Certaines études suggèrent qu’une alimentation saine, notamment le régime méditerranéen, peut améliorer la qualité des spermatozoïdes. Les aliments industriels et transformés, en particulier les viandes, les boissons sucrées et les aliments gras, ont en revanche un impact négatif.
L’une des explications est la suivante : les habitudes alimentaires – bonnes ou mauvaises -, les perturbateurs endocriniens et l’obésité laissent des « signatures épigénétiques » sur l’ADN des spermatozoïdes. Ces marques influencent l’expression des gènes, de manière positive ou négative.
Ainsi, les mécanismes impliqués dans la mauvaise qualité des spermatozoïdes incluent le stress oxydant, les déséquilibres hormonaux et l’inflammation.
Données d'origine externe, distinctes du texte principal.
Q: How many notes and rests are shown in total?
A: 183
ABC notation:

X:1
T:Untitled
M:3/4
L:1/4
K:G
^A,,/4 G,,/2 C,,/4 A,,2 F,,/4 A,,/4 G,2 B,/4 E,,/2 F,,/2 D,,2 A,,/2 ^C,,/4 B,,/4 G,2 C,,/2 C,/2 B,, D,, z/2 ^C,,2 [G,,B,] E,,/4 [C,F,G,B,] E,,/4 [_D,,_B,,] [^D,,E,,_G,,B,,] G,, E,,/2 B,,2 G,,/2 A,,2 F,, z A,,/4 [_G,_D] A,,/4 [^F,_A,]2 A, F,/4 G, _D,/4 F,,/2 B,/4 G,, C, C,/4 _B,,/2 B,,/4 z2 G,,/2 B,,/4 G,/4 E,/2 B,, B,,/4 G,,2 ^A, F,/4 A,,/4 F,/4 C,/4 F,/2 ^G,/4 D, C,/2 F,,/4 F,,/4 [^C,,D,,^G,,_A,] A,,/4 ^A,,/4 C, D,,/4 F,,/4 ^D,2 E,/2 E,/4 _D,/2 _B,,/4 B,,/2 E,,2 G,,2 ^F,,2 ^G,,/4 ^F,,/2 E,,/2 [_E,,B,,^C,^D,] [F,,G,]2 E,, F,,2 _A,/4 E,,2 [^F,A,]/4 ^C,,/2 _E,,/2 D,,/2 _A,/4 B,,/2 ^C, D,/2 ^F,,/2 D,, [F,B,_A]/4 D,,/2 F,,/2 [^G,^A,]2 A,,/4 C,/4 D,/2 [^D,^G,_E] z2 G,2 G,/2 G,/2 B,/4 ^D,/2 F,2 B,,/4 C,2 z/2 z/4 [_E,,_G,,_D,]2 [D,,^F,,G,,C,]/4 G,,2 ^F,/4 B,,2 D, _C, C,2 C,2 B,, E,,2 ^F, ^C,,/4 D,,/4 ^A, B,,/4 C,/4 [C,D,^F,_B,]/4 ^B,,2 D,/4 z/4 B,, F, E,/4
L’étude française ALIFERT (2024) a permis d’identifier clairement les différents micronutriments et oligoéléments impliqués dans ces mécanismes, et de proposer un score de nutrifertilité pour le couple, la femme ou l’homme basé sur treize paramètres anthropométriques, métaboliques, et du statut anti-oxydatif. « Nous avons pu identifier des éléments clés tels que les vitamines A et E, le sélénium, le HDL cholestérol et l’hémoglobine glyquée, explique-t-elle. Et corréler le score ALIFERT à la fragmentation de l’ADN spermatique, associée à des taux de fécondation réduits, des fausses couches et des problèmes de santé chez les enfants. Ainsi, pour la première fois, nous avons une explication potentielle à cette fragmentation, sur laquelle nous pouvons agir. »
D’après les recommandations européennes en vigueur, il n’existe pas encore de données suffisamment robustes pour affirmer que les antioxydants sont efficaces dans le traitement de la fertilité masculine. « Il n’existe pas de consensus sur l’intérêt d’une supplémentation systématique en vitamines et en oligoéléments en cas d’infertilité masculine », conclut la spécialiste de la fertilité. Mais des études laissent entendre que nous serions sur la bonne piste. Les probiotiques montrent également des effets prometteurs sur les paramètres spermatiques.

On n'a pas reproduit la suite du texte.